(1.) This Special Leave Petition has been filed by M/s. Larsen and Toubro Ltd. and one Lt. Col. Ajay Bhatia (Retired), challenging the judgment and order passed by the Division Bench of the Delhi High Court on 8th September, 2010, dismissing Writ Petition (Civil) No. 3231 of 2010, filed by the Petitioners herein. In the Writ Petition, a prayer had, inter alia, been made for an appropriate writ, order or direction upon the Respondent Nos. 1 to 3 to consider the bid of the Petitioner No. 1 in response to Request For Proposal (RFP) No. TM (M)/0025/CG/FPV dated 17th June, 2009 and to invite the said Petitioner for negotiation, since the said bid was the lowest bid, and, thereafter, to accept the same in terms of the said RFP.
(2.) On 17th June, 2009, the Respondent No. 1 sent a RFP to the Petitioner No. 1 for supply of 20 Fast Patrol Vessels (FPV) for the Indian Coast Guard. Similar requests were also sent to other persons as well. According to the normal procedure, the RFP was to be submitted by the intending bidders in two parts. The first part was to consist of the technical proposal and the second part was to be the commercial proposal or financial bid. In response to the said RFP, the Petitioner No. 1 submitted its bid on 19th October, 2009, containing a technical proposal and a commercial proposal in two parts. In its commercial offer, the Petitioner had indicated that it intended to avail of the Exchange Rate Variation benefit. The Petitioner and four others, including the Respondent No. 4, proved to be successful in the technical bid and, thereafter, the commercial bids were opened on 11th January, 2010, in the presence of the Bidders and/or their representatives.
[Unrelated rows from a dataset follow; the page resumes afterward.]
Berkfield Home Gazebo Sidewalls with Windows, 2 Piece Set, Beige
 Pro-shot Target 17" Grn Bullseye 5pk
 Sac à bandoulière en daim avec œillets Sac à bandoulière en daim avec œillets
Although, the offer of the Petitioner No. 1 was found to be the lowest (L-1), its bid was held to be non-responsive, because, despite the tender condition that the price was to be firm and fixed for the entire duration of the contract and would not be subject to escalation, the Petitioner No. 1 had claimed the benefit of Foreign Exchange Rate Variation. On the other hand, Respondent No. 4, M/s. Cochin Shipyard Ltd., a Public Sector Undertaking, was found to be the second lowest bidder (L-2).
(3.) Apart from the fact that the Technical Evaluation Committee, which had been constituted on 21st October, 2009, found that the price quoted by the Petitioner had a variable foreign content, it was also found that in order to determine the foreign exchange content, the Petitioner had attached a copy of the rate card of the State Bank of India along with the commercial bid, which contained various exchange rates of different foreign currencies. The Petitioner, however, did not specify as to which foreign currency was the basis of the foreign exchange component in its commercial bid. Since the Commercial offers had to be firm and fixed and since the Petitioner had claimed the benefit of the foreign exchange variation component, the Contract Negotiation Committee, which was constituted in accordance with the Defence Procurement Procedure-08 (DPP), concluded that the commercial offer of the Petitioner was non-responsive. The Petitioner thereupon withdrew its offer and offered the quoted price without the Foreign Exchange Rate Variation content. The Contract Negotiation Committee, however, declared the bid of the Petitioner as non-responsive and awarded the contract to Respondent No. 4, which was declared as L-1. Challenging the said decision of the Respondents, the Petitioners filed Writ Petition No. 3231 of 2010 before the Delhi High Court.